I worked for a company that made RFID chips and table readers (mostly for sale in Europe and Macau) and the state of the art is interesting. I mean, yes, the point is eventually to be able to track the stolen chips, but right now the goal is to very efficiently count bets, count chips being cashed in, and prevent collusion between dealer and player, in particular where the dealer claims that their pal bet much more money than they did. The chips are used to broadcast the amount that they are for, not which individual chip it is. Loss prevention from this kind of theft was a far secondary concern. (Note: this is 2 year old information, I am not sure what has changed since.)
posted by jeather at 8:27 AM on December 15, 2010 [2 favorites]


So I take it that their vaults don't have visible laser protection either, lasers that you can jump over or whatever if you're tiny and/or sufficiently lithe and acrobatic?
posted by raysmj at 8:35 AM on December 15, 2010 [3 favorites]


I'd bet the RIFD chips have specific I'd numbers, no? They could use any number of ways to get a good guess as to the number of chips.

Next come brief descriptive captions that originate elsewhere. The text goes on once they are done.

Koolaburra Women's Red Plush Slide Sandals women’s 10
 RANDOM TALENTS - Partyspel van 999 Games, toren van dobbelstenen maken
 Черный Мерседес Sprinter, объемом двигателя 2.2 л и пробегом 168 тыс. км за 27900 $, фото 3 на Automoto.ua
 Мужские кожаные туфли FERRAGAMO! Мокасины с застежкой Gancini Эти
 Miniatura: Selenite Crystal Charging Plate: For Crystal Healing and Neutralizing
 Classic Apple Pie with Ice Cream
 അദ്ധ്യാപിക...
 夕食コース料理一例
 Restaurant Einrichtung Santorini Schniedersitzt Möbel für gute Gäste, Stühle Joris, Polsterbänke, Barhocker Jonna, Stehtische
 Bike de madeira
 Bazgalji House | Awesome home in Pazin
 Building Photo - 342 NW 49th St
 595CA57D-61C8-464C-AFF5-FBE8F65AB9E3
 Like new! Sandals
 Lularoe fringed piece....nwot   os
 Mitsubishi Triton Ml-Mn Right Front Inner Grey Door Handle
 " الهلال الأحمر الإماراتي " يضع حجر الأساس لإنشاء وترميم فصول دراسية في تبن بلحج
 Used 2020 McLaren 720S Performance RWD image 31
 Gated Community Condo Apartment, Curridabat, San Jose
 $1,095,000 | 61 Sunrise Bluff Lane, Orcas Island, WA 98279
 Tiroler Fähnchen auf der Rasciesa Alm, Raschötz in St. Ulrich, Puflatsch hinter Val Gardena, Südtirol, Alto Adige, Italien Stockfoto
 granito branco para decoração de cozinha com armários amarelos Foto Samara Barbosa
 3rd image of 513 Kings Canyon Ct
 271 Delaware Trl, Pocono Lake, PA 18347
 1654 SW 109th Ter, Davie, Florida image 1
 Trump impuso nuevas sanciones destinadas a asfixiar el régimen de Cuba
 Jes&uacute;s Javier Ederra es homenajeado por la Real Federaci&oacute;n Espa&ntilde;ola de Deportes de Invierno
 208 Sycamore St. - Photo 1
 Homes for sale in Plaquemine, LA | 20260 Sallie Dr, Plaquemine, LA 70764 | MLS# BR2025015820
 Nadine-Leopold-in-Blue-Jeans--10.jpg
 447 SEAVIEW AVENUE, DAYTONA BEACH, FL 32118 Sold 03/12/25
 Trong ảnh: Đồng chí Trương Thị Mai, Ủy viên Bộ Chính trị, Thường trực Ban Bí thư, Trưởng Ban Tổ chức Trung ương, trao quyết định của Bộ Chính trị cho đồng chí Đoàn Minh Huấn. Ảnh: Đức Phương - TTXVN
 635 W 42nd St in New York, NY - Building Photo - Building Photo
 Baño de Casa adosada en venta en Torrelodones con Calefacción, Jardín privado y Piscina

But didn't he take them from patrons? Do those patrons get refunded? Could the patron claim a bigger loss than actually occured? Here's where the money is made.
posted by Ironmouth at 8:45 AM on December 15, 2010


My suspicion is any chips larger than $500 will end up in the landfill, and the rest will be slowly cashed in at the Bellagio. Yes, other MGM-owned casinos will honor them, but they are going to be subject to more scrutiny for a little while. Meanwhile the Bellagio deals almost exclusively in Bellagio chips and can't scrutinize every stack of quarters that comes into the cage.
posted by bgrebs at 8:47 AM on December 15, 2010


best post this week.
posted by krautland at 8:59 AM on December 15, 2010


Diamonds are a girls best friend.

(this is my vote, great post, a jewel.)
posted by clavdivs at 9:04 AM on December 15, 2010


Footage of the European Poker Tour in Berlin where a gang of thieves stole several hundred thousand Euros:

http://www.youtube.com/watch?v=y1ua98CLtTQ
posted by Kevmath at 9:16 AM on December 15, 2010


Kevmath Those EPT guys were caught, yeah? But not thru rfid means if they took cash?
I'm with Potomic Avenue, I think this guy will be caught soon.
posted by pointystick at 9:19 AM on December 15, 2010


All four were arrested, although most of the money was not recovered:

http://www.pokernewsdaily.com/all-ept-berlin-poker-robbery-suspects-arrested-9222/
posted by Kevmath at 9:22 AM on December 15, 2010


Don't forget the amazing attempted heist of Harvey's which ended up in the detonation of an elaborate bomb - previously.
posted by exogenous at 9:30 AM on December 15, 2010


...and I owe you guys from the thing with the guy in the place, and I'll never forget it.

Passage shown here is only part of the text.